What you need to do => Given these entries, repeat exactly the lines starting with the one that has "Obraz premium Pastel" and going on through the one that has "Citrine with Accents Silver Ring", both included, but none of the pictures.

=-=-=

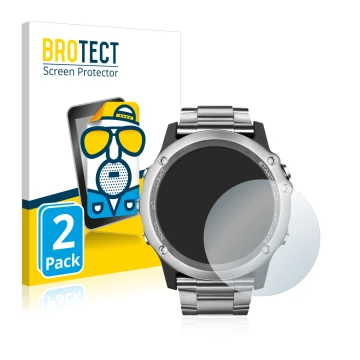 Parte frontal de un envase de producto con el logotipo de la marca BROTECT. Al lado se muestra el dispositivo Garmin Fenix 3 S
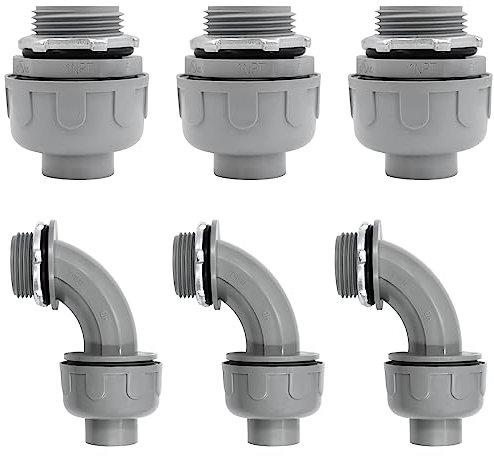 Connettore per condotto flessibile in PVC da 2,5 cm, connettore a tenuta stagna, 180 gradi e 90 gradi UL, raccordi per condotti elettrici non metallici (confezione da 6)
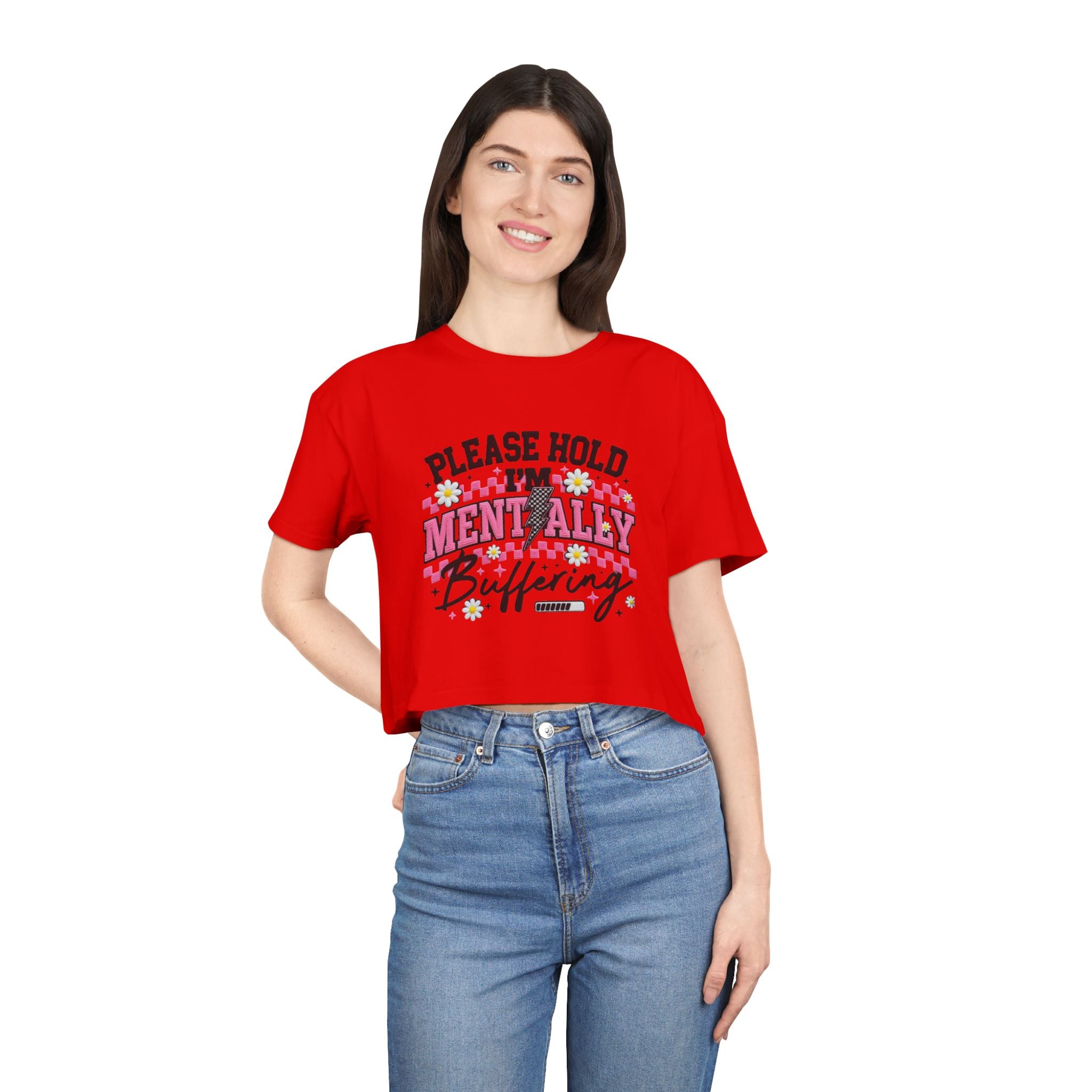 Please Hold I[0m'm Mentally Buffering Crop Tee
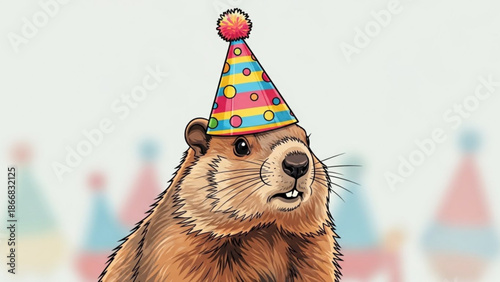 A colorful illustration of a groundhog wearing a party hat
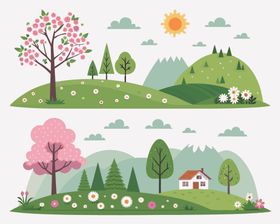 春日田园风光插画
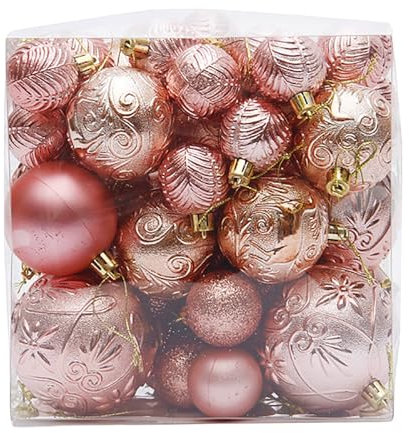 50 palline di Natale in plastica, per albero di Natale, decorazioni natalizie, matrimoni, feste, oro rosa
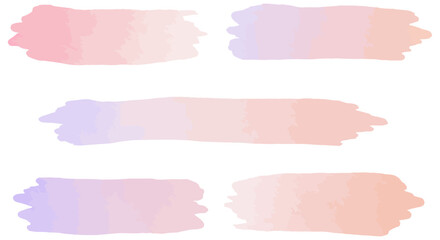 Obraz premium Pastel watercolor strokes in pink and purple tones on white background vector illustration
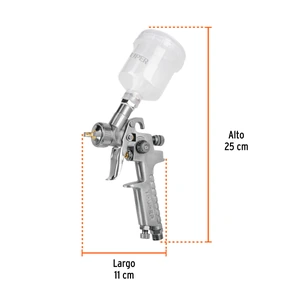 Pistola p/retoque gravedad HVLP vaso plástico, 1 mm, Truper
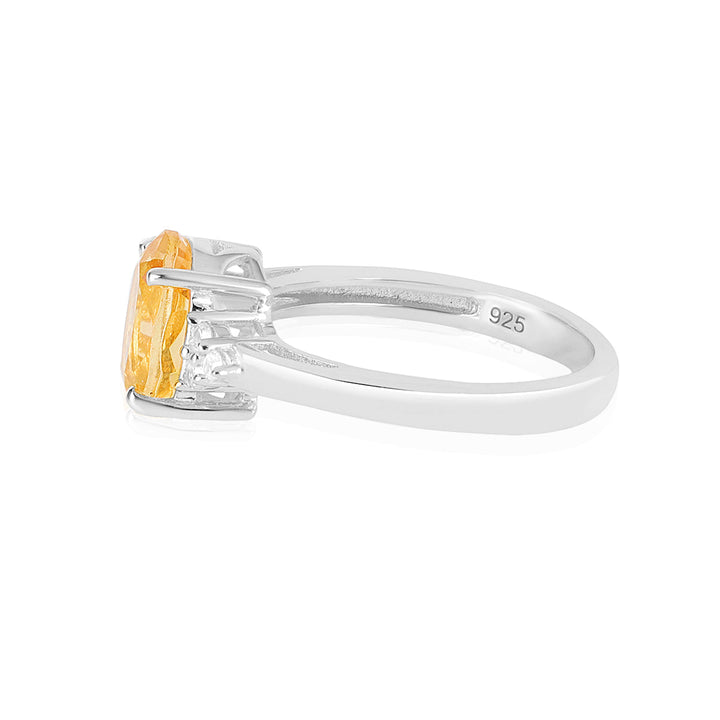 Citrine with Accents Silver Ring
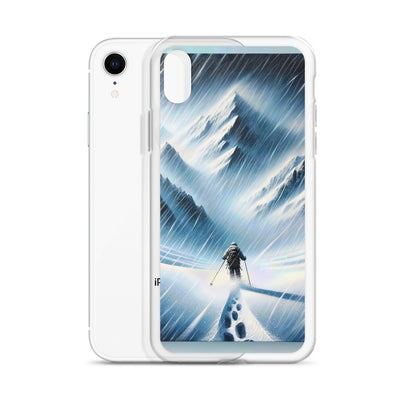 Wanderer und Bergsteiger im Schneesturm: Acrylgemälde der Alpen - iPhone Schutzhülle (durchsichtig) wandern xxx yyy zzz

=-=-=

Written response =>
 Obraz premium Pastel watercolor strokes in pink and purple tones on white background vector illustration
 Pistola p/retoque gravedad HVLP vaso plástico, 1 mm, Truper
 Citrine with Accents Silver Ring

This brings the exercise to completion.